(Recorded data)

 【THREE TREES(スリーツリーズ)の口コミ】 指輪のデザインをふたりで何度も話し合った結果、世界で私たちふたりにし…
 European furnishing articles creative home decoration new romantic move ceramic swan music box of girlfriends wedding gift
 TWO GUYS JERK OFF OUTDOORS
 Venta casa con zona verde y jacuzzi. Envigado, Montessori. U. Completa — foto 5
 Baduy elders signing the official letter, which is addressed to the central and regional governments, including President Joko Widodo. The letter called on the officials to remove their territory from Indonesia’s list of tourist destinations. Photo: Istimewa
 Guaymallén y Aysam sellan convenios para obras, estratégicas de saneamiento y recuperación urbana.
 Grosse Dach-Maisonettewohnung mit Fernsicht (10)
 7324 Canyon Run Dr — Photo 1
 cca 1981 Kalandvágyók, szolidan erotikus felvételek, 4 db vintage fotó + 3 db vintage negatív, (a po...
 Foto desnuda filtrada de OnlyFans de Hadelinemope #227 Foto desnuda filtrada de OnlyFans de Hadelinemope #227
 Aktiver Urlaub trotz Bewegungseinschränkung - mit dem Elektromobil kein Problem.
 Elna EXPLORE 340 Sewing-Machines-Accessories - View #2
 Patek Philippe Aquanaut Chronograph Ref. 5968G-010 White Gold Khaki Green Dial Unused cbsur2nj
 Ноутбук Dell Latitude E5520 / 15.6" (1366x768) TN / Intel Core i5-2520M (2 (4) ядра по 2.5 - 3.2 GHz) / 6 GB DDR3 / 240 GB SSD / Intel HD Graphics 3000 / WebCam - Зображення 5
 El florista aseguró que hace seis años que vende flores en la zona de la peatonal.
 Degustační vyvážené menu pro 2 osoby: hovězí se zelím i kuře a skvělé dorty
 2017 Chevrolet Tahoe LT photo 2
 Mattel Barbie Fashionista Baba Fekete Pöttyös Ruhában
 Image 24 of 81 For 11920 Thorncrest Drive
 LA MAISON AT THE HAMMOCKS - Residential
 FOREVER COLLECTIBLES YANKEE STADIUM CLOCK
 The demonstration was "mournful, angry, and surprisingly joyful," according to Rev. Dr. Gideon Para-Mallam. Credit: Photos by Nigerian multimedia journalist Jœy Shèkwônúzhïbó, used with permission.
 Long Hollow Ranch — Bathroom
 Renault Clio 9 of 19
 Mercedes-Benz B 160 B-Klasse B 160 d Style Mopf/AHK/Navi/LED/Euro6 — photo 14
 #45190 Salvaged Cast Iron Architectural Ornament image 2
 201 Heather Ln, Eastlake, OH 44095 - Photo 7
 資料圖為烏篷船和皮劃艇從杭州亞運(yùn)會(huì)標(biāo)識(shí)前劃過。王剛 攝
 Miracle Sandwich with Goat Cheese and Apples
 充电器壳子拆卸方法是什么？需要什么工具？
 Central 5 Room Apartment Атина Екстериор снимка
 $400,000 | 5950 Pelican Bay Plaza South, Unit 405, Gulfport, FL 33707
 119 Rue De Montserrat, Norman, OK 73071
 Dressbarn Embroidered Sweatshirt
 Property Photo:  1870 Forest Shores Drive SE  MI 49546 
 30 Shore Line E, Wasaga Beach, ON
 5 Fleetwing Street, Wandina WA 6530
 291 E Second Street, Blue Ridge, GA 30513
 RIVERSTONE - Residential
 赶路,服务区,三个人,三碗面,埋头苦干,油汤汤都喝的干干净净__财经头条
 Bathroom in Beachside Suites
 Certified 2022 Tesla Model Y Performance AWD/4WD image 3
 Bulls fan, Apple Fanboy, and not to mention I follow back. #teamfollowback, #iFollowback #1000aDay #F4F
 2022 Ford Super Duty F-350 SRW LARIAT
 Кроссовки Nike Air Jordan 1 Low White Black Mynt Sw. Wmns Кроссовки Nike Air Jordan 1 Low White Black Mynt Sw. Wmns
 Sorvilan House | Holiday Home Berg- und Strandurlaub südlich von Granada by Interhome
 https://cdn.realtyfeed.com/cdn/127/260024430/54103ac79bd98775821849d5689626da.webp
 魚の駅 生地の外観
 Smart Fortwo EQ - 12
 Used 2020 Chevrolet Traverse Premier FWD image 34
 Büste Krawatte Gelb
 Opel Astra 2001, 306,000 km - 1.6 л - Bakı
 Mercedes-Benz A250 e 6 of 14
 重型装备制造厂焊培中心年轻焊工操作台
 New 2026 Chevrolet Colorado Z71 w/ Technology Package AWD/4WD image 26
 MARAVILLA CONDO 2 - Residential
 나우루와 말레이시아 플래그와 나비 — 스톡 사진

## [TASK DETAILS]
Among the lines above, return those that hold the word "Benz".

## [EXERCISE RESPONSE]
 Mercedes-Benz B 160 B-Klasse B 160 d Style Mopf/AHK/Navi/LED/Euro6 — photo 14
 Mercedes-Benz A250 e 6 of 14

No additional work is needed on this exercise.